### MATERIAL FOR THIS TASK
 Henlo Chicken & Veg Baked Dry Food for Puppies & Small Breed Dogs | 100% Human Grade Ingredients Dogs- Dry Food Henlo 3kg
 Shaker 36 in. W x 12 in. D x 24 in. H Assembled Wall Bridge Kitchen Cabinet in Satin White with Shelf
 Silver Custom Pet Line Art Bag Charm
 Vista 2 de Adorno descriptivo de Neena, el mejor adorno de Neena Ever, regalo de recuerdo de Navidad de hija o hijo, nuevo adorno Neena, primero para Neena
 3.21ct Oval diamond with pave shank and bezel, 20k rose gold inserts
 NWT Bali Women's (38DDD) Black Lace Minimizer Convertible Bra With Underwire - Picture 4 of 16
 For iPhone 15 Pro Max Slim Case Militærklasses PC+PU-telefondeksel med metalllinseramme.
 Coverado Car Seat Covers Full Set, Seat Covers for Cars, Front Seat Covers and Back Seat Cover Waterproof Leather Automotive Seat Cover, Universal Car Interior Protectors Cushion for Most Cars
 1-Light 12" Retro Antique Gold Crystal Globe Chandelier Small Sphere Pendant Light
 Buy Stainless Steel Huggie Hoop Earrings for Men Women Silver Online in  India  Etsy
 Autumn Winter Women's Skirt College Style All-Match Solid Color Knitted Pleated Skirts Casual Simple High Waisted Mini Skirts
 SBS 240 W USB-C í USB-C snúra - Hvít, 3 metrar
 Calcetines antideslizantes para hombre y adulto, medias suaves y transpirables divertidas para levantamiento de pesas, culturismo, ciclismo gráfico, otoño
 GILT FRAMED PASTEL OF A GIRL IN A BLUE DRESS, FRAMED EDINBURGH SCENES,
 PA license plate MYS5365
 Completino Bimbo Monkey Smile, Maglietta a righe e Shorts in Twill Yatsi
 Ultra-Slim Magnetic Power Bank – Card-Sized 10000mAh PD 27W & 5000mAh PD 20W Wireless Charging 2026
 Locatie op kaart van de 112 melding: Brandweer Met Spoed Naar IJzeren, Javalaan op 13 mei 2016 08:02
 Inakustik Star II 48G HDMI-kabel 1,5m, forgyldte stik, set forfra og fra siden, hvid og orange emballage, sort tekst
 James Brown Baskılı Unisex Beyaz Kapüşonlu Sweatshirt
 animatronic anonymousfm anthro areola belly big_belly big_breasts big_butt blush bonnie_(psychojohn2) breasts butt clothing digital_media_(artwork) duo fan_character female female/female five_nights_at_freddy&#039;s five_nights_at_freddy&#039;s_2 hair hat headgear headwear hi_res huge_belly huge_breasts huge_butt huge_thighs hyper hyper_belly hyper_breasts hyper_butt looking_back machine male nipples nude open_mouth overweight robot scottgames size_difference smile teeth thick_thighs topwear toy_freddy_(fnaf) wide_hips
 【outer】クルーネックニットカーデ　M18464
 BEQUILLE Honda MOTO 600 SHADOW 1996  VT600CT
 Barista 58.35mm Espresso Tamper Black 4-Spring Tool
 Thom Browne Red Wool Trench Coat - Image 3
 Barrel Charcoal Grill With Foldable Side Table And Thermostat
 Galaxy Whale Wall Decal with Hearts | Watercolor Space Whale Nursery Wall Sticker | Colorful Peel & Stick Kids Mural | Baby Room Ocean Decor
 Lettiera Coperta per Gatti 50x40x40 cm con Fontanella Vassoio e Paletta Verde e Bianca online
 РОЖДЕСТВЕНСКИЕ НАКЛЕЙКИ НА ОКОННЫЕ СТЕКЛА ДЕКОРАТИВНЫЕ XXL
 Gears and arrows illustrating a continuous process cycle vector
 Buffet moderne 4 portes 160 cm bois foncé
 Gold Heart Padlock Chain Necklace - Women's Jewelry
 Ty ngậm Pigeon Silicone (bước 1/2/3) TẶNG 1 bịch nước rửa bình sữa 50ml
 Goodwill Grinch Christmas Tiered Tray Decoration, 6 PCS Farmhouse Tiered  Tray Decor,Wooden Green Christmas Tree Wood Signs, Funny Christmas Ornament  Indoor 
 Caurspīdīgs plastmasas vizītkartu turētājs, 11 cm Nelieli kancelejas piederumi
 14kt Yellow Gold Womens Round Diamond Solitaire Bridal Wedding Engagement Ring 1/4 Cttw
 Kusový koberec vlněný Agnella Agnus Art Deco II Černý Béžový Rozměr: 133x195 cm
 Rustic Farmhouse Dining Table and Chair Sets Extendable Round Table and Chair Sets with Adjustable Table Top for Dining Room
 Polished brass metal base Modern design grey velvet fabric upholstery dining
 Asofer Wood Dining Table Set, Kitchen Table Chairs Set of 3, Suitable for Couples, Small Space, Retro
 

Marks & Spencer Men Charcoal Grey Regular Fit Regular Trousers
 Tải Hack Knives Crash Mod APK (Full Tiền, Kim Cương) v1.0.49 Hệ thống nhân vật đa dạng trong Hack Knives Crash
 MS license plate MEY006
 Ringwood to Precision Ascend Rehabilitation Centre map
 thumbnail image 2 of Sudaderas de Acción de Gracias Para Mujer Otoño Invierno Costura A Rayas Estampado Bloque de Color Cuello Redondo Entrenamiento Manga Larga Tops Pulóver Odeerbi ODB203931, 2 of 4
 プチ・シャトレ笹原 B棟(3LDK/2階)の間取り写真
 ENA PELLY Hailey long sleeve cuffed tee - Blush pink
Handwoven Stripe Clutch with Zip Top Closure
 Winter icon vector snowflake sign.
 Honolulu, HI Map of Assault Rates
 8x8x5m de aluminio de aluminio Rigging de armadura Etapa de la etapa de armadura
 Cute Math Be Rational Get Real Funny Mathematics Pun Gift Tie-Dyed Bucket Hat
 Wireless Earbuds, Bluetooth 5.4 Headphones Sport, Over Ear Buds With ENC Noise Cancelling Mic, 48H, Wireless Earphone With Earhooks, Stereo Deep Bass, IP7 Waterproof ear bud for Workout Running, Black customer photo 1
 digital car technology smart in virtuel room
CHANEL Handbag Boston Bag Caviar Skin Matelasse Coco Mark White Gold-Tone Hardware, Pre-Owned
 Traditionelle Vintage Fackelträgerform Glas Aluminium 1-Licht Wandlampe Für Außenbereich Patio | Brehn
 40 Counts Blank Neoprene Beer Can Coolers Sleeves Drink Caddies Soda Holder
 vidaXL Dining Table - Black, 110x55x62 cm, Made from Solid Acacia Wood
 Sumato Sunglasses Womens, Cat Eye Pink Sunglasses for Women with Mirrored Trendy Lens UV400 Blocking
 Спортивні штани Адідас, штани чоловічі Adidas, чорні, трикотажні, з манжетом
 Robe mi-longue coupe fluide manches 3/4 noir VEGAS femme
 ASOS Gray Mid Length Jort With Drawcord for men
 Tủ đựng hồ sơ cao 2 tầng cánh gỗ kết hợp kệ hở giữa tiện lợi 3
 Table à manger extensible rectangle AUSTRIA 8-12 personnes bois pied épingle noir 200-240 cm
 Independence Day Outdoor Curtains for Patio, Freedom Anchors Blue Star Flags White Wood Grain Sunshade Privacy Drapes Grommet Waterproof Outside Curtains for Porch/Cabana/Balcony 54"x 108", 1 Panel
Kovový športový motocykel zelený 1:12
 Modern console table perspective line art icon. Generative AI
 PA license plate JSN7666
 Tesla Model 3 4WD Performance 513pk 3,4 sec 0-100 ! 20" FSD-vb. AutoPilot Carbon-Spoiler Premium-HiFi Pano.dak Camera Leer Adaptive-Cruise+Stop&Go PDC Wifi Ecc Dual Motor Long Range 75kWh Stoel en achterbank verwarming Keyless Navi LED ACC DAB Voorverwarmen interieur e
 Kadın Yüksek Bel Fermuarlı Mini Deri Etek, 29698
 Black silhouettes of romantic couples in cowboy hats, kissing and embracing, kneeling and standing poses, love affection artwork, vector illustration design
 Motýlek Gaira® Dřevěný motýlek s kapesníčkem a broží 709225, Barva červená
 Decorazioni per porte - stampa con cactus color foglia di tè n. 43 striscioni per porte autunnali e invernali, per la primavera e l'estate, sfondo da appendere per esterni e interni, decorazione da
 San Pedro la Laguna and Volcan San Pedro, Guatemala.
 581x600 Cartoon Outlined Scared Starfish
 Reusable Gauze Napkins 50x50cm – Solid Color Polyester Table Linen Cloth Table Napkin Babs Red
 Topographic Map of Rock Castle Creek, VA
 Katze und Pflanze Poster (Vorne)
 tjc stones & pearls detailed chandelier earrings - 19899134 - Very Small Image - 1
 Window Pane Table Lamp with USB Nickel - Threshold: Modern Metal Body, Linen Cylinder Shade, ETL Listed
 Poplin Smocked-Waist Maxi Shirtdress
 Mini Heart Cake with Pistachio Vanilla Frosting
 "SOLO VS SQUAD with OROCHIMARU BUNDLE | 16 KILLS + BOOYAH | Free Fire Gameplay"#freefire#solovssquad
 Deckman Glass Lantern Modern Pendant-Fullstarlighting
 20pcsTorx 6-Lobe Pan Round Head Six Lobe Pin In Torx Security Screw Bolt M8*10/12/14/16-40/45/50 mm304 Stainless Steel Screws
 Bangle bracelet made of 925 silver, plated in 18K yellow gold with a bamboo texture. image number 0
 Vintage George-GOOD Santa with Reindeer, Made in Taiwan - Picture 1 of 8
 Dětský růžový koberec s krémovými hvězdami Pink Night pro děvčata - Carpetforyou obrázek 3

### REQUIRED ACTION
Given the data above, transcribe exactly the lines from the one containing "Vista 2 de Adorno" down to the one containing "SBS 240 W USB-C", and no others.

### EXERCISE OUTPUT
 Vista 2 de Adorno descriptivo de Neena, el mejor adorno de Neena Ever, regalo de recuerdo de Navidad de hija o hijo, nuevo adorno Neena, primero para Neena
 3.21ct Oval diamond with pave shank and bezel, 20k rose gold inserts
 NWT Bali Women's (38DDD) Black Lace Minimizer Convertible Bra With Underwire - Picture 4 of 16
 For iPhone 15 Pro Max Slim Case Militærklasses PC+PU-telefondeksel med metalllinseramme.
 Coverado Car Seat Covers Full Set, Seat Covers for Cars, Front Seat Covers and Back Seat Cover Waterproof Leather Automotive Seat Cover, Universal Car Interior Protectors Cushion for Most Cars
 1-Light 12" Retro Antique Gold Crystal Globe Chandelier Small Sphere Pendant Light
 Buy Stainless Steel Huggie Hoop Earrings for Men Women Silver Online in  India  Etsy
 Autumn Winter Women's Skirt College Style All-Match Solid Color Knitted Pleated Skirts Casual Simple High Waisted Mini Skirts
 SBS 240 W USB-C í USB-C snúra - Hvít, 3 metrar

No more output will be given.